### [What you are asked to do]
Reproduce the data below in full and to the letter, images excepted.

Saved entries:
== Segment start ==

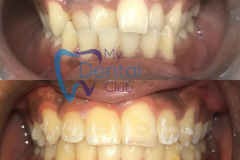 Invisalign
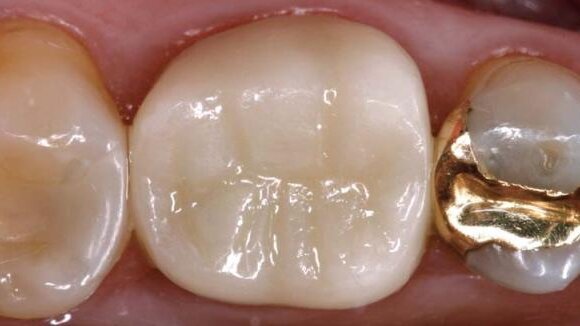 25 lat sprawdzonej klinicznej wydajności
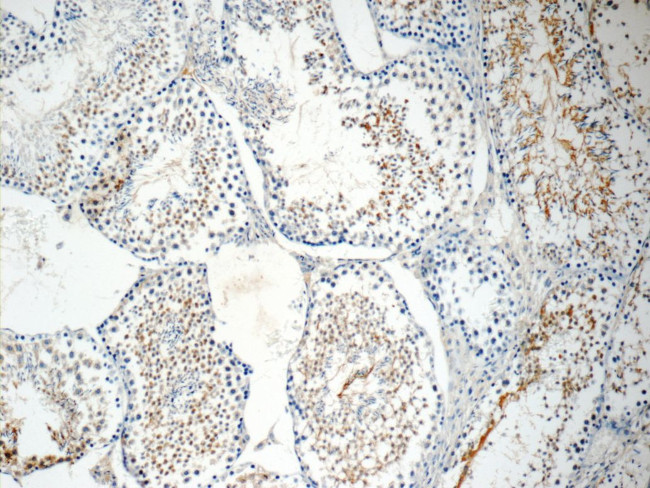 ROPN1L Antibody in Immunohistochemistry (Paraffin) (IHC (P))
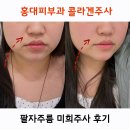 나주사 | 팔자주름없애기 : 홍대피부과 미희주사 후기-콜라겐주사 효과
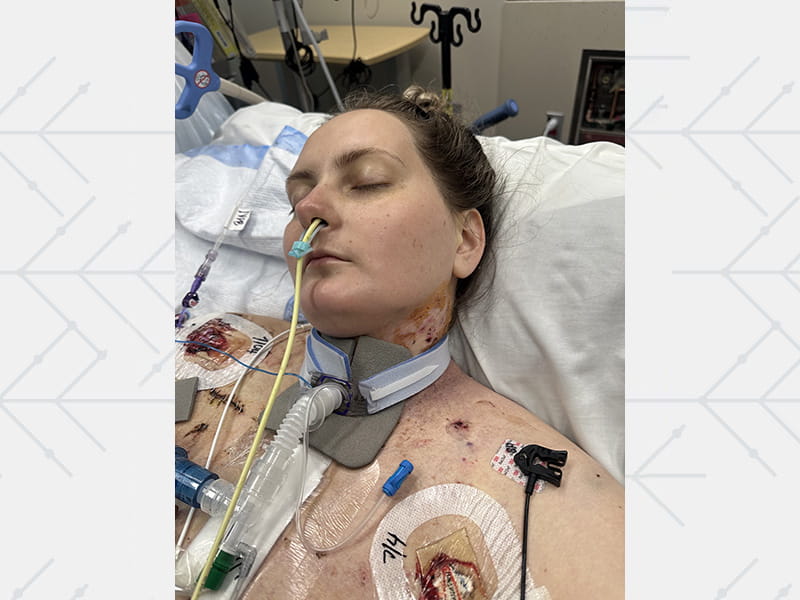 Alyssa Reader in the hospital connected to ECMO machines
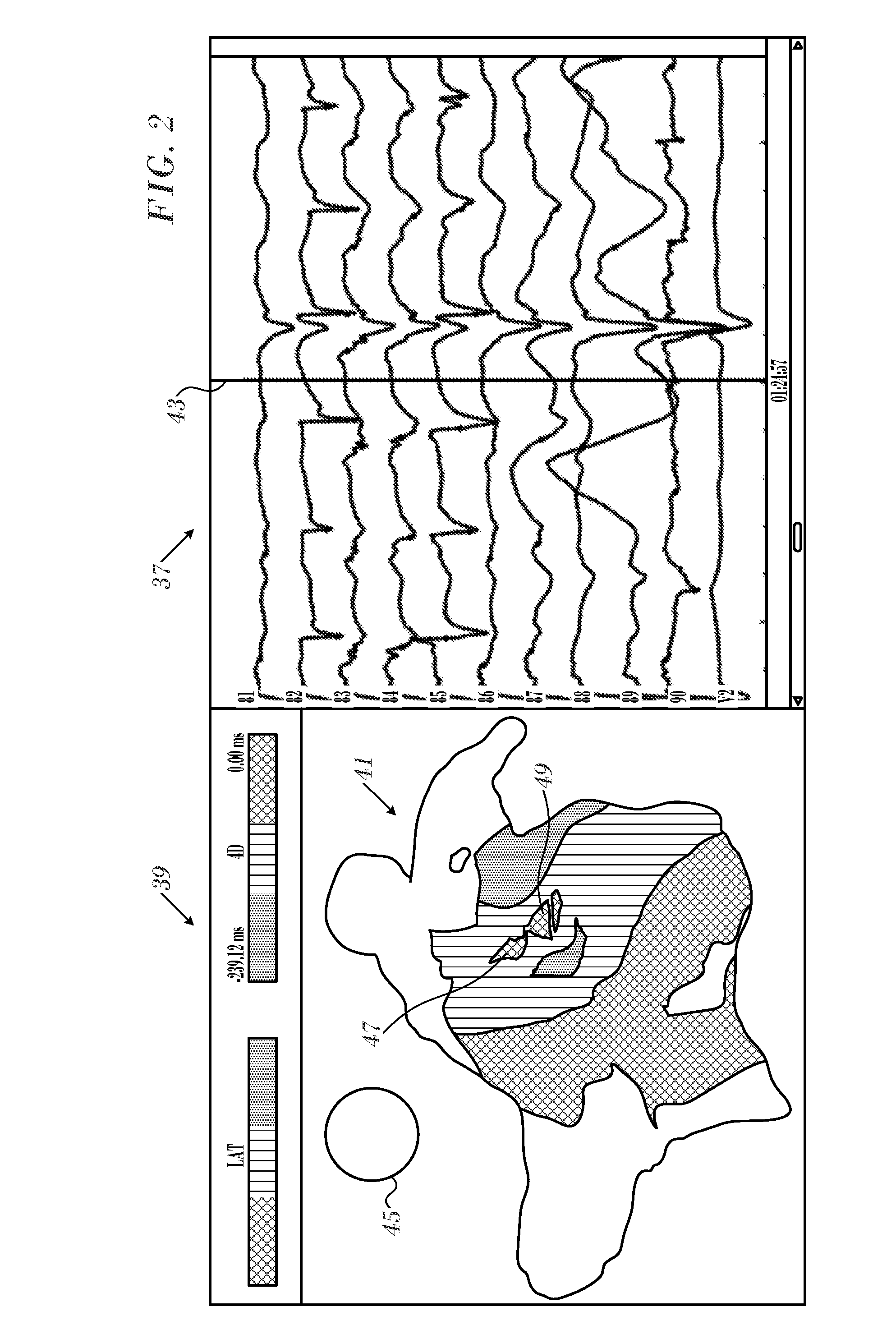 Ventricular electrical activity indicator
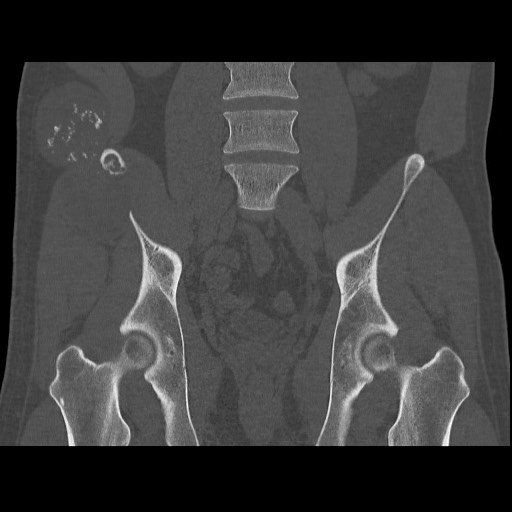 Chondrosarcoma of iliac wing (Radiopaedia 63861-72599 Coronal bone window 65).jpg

== Segment end ==

### [Written solution]
 Invisalign
 25 lat sprawdzonej klinicznej wydajności
 ROPN1L Antibody in Immunohistochemistry (Paraffin) (IHC (P))
 나주사 | 팔자주름없애기 : 홍대피부과 미희주사 후기-콜라겐주사 효과
 Alyssa Reader in the hospital connected to ECMO machines
 Ventricular electrical activity indicator
 Chondrosarcoma of iliac wing (Radiopaedia 63861-72599 Coronal bone window 65).jpg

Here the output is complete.